基于Spark的空间数据平台系统的设计与实现

发布时间：2018-01-10 10:17

本文关键词：基于Spark的空间数据平台系统的设计与实现　出处：《山东大学》2017年硕士论文　论文类型：学位论文

【摘要】：空间数据,也被称为地理数据。空间数据是可以由地理坐标系位置表示的感卫星监测产生的地理信息,如河流,湖泊,城镇。移动通信网络中的手机通话信息,城交通网络中的安装有GPS的车辆位置信息,社交网络中产生的带有位置的信息。充分分析和利用这些空间数据将会在环境处理,通信安全和交通规划等领域具有重要作用。物理对象的信息。当前,众多行业持续不断地产生了大量的空间数据。随着大量有价值的空间数据的产生,使用适应于大规模空间数据处理的工具对空间数据进行分析与处理的需求越来越迫切。但是,当前的关系型数据库技术和分布式计算系统却并不适合于处理空间数据。空间数据索引结构不适合用关系数据库表达,从而导致关系型数据库处理空间数据查询操作效率低下。由于MapReduce编程模型的缺点,现有的基于HDFS和MapReduce的分布式数据分析框架处理交互式查询和迭代操作时速度较慢。MapReduce模型使用如下方式对数据进行处理:首先从集群磁盘中读取数据到内存,对执行计算,然后将结果从内存写到集群磁盘,作为下次计算的输入。每次计算过程产生的冗余磁盘读写开销使得基于MapReduce的算法实现存在严重的性能问题,无法满足用户对大规模空间数据实时分析的要求。Apache Spark是一个新兴的集群计算框架,与MapReduce框架相比,Spark提供内存迭代计算功能。计算数据可以常驻内存而省去磁盘I/O时间。在交互式查询环境中,比目前最流行的并行计算工具Hadoop快100多倍。随着Spark框架不断的更新与发展,研究人员开始通过扩展Spark实现对空间数据的分布式查询处理。GeoSpark和SpatialSpark是目前为止最先进的系统。
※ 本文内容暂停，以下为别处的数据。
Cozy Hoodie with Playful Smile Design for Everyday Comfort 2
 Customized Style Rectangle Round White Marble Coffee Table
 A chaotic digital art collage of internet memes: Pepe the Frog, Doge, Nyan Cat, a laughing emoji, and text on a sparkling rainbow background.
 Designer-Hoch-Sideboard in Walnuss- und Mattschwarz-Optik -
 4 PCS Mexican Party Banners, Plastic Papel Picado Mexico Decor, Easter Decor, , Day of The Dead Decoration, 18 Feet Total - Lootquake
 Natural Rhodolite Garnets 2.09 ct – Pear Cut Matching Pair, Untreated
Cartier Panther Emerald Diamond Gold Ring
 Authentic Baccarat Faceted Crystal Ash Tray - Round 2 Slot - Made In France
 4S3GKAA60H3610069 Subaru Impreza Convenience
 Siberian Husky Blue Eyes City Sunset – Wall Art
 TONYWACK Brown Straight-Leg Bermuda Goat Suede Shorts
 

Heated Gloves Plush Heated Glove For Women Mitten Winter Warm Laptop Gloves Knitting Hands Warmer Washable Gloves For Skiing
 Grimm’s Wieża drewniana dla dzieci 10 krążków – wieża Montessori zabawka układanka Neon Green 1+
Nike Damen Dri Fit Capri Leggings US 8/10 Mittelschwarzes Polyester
他们通过扩展Spark实现了空间数据的分布式存储的查询操作。这两个系统的系统框架类似,都主要由三层组成:空间数据存储层,数据索引层和查询处理层,空间数据存储层实现对大规模空间数据的分布式存储。数据索引层将传统的空间索引技术应用于分布式存储的空间数据集群。查询处理层对用户提供空间查询操作接口,通过索引层和存储层,实现空间数据分析。提供的查询操作包含区域查询,空间关联查询和空间k最近邻查询。但是GeoSpark和SpatialSpark在设计上仍然存在一系列缺点,导致最终的查询性能不高。本文,我们通过全面改进上述系统架构,分别使用了新的空间数据分区策略,索引结构和查询处理技术,设计并实现了一个新的基于Spark的空间数据计算系统Spark-GIS,全面的实验表明,Spark-GIS比上述系统具有更高的查询性能。Spark-GIS的主要创新包括以下三个方面:1.在空间数据存储层,设计并实现了一个新的空间数据分区策略,使用新的分区策略实现的空间数据分布式存储为上层的空间数据查询提供了更好的支持,确保空间数据查询时避免工作负载均衡问题。2.在空间数据索引层,设计并实现了一种基于Voronoi图的R树空间索引结构,与R树相比,在未降低系统空间查询性能同时,大大减少生成空间索引结构的时间和空间索引结构的大小。3.在空间数据分析层,通过结合改进的空间数据分布式存储策略,空间索引技术,实现了基于Spark的并行空间数据查询算法,能够为用户提供海量高并发的空间数据交互式查询。包括空间区域查询,空间联接查询和空间k最近邻询。最后,我们对Spark-GIS,Spark和GeoSpark进行了全面的对比测试。测试数据是数量为亿级别的移动电话通话记录数据。实验结果显示Spark-GIS空间查询操作性能全面优于目前为止最先进的系统——GeoSpark,尤其在空间区域查询和空间联接查询方面,性能比GeoSpark改善了多个数量级。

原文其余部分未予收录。